ASSIGNMENT: What is needed is an exact copy of the lines in the entries below from the one holding "Get Wet Fly Project" through the one holding "Klej montażowy do", pictures excluded.

SUPPLIED INFORMATION:
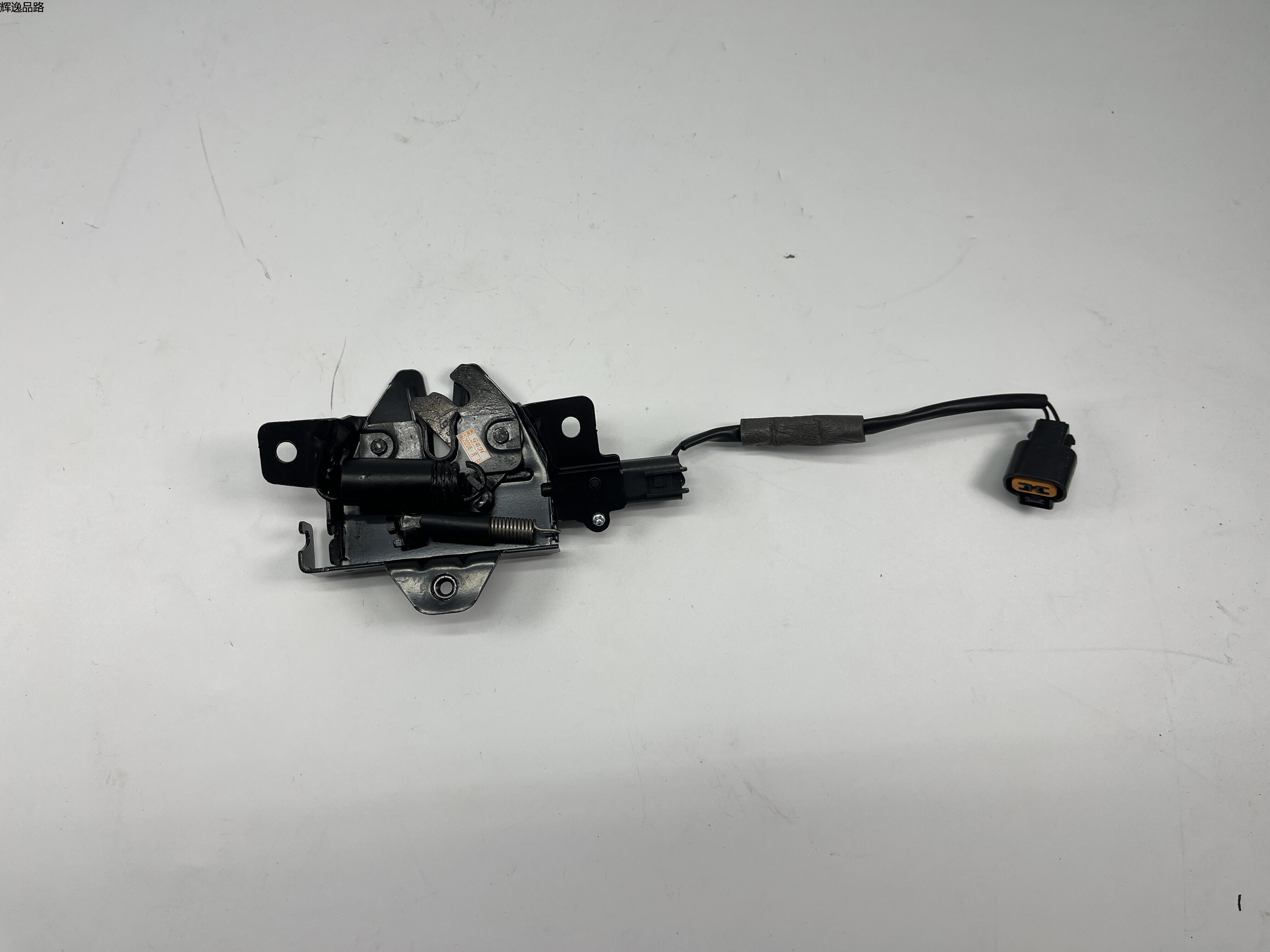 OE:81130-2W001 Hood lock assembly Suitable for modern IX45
* * *
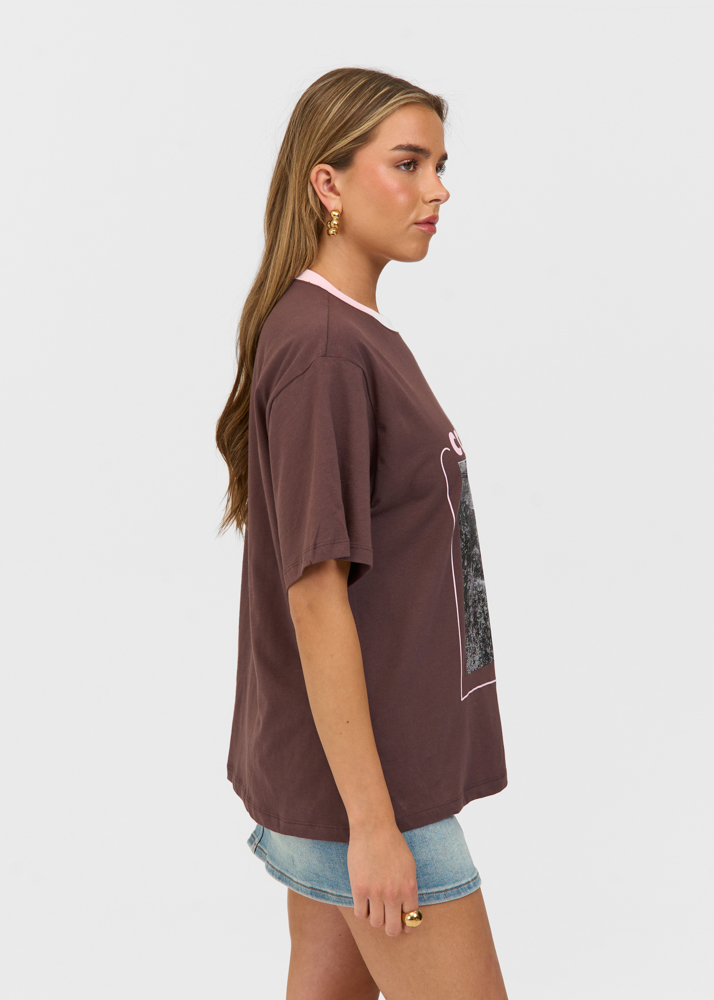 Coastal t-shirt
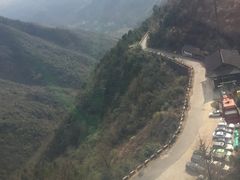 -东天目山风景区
--
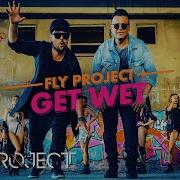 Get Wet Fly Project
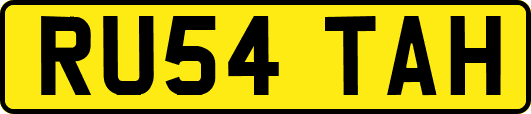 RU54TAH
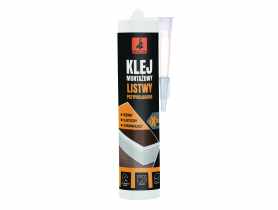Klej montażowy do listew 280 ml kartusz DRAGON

SOLUTION TO THIS PROBLEM:
 Get Wet Fly Project
 RU54TAH
Klej montażowy do listew 280 ml kartusz DRAGON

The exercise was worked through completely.